Pictures aside, the data must be reproduced exactly.

----------

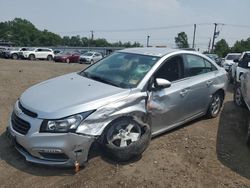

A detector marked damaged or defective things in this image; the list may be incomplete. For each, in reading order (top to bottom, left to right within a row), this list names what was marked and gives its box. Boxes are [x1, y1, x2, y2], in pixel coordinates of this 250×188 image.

damaged front bumper [7, 115, 95, 167]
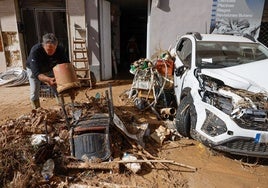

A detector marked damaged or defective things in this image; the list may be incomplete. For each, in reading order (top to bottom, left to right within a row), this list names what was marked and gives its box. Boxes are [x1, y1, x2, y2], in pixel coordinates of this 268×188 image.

crumpled car hood [200, 59, 268, 93]
damaged car front [174, 33, 268, 158]
broken headlight [201, 108, 226, 137]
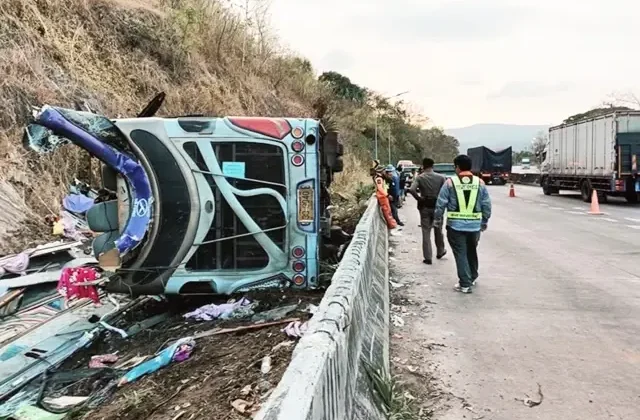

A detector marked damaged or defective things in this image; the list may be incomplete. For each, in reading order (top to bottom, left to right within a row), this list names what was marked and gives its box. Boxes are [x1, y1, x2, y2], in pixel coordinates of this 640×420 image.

overturned bus [23, 93, 344, 296]
damaged vehicle [23, 93, 344, 296]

----------

RESULT OF THIS TASK:
A detector marked damaged or defective things in this image; the list may be incomplete. For each, in reading order (top to bottom, left to right within a row), this list names what was marked and gives its box. Boxes are [x1, y1, x2, y2], in pixel coordinates of this 250×188 image.

damaged front bumper [7, 115, 95, 167]

A detector marked damaged or defective things in this image; the list may be incomplete. For each, in reading order (top to bottom, left to right within a row), this list names what was marked and gives its box. Boxes are [x1, y1, x2, y2], in pixel coordinates of this 268×188 image.

crumpled car hood [200, 59, 268, 93]
damaged car front [174, 33, 268, 158]
broken headlight [201, 108, 226, 137]

A detector marked damaged or defective things in this image; the list may be incomplete. For each, in reading order (top to bottom, left to right within a row), this list names what was marked and gives its box. Boxes are [x1, y1, x2, y2], in pixel coordinates of this 640×420 image.

overturned bus [23, 93, 344, 296]
damaged vehicle [23, 93, 344, 296]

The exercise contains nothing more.